» Material for this task

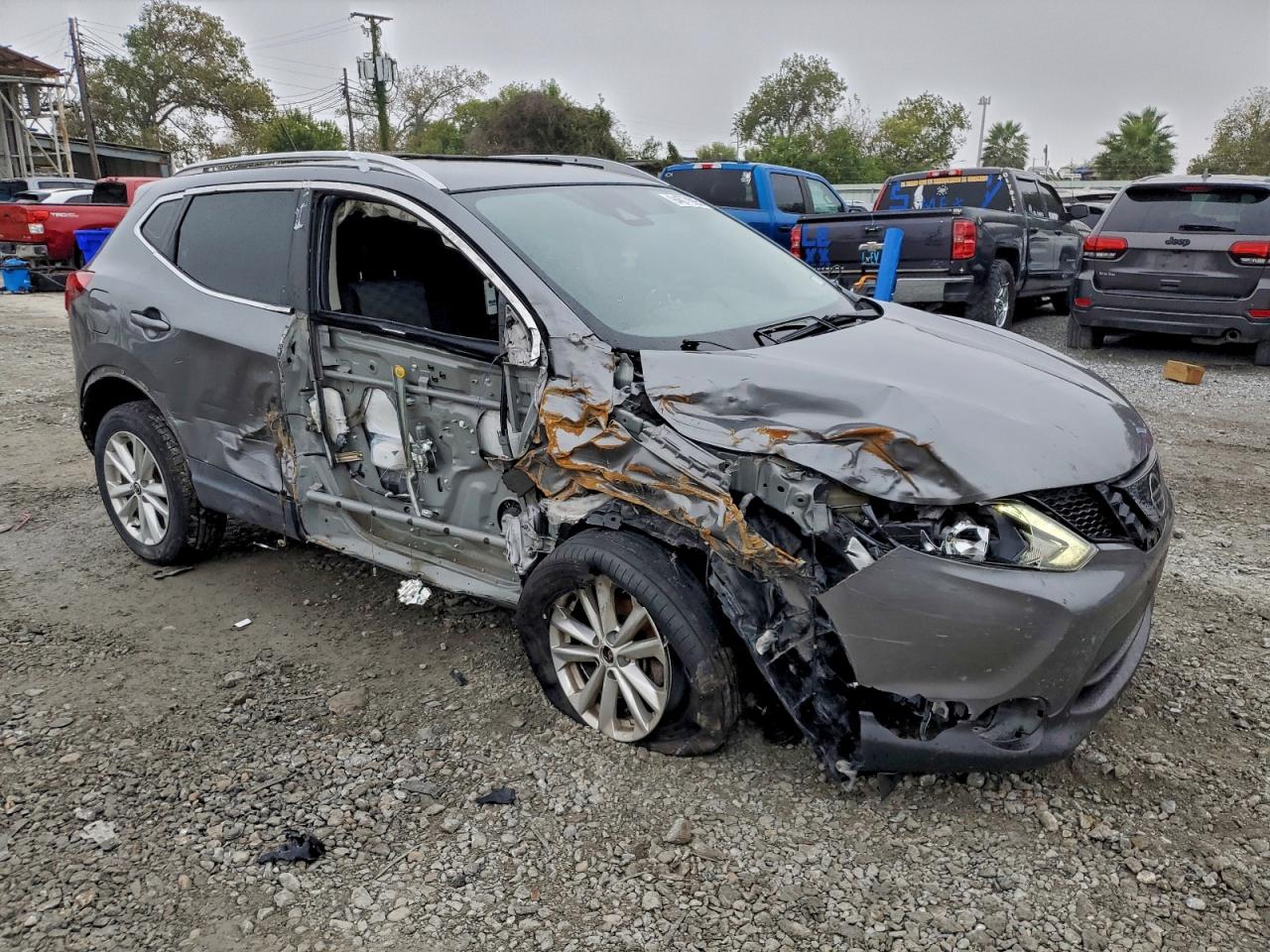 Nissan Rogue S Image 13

* * *

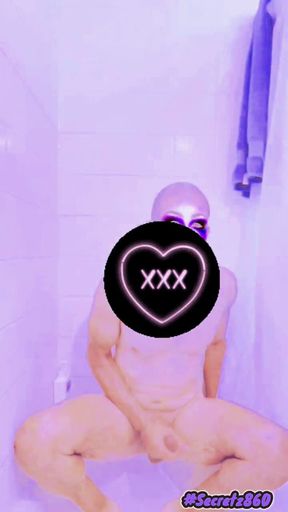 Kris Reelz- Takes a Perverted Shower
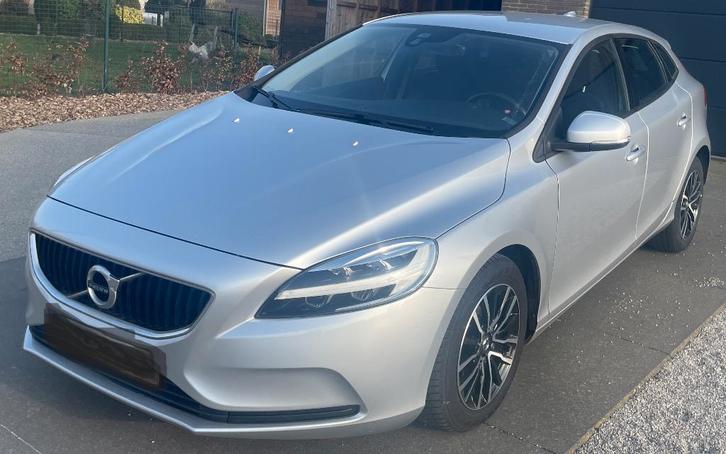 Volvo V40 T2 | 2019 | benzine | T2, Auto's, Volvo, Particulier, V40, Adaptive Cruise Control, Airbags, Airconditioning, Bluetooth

» Description of the task
Print the line above containing "Kris Reelz- Takes a Perverted Shower", the line containing "Volvo V40 T2", and everything between them, exactly as written. Pictures stay out.

» Solution to this task
 Kris Reelz- Takes a Perverted Shower
 Volvo V40 T2 | 2019 | benzine | T2, Auto's, Volvo, Particulier, V40, Adaptive Cruise Control, Airbags, Airconditioning, Bluetooth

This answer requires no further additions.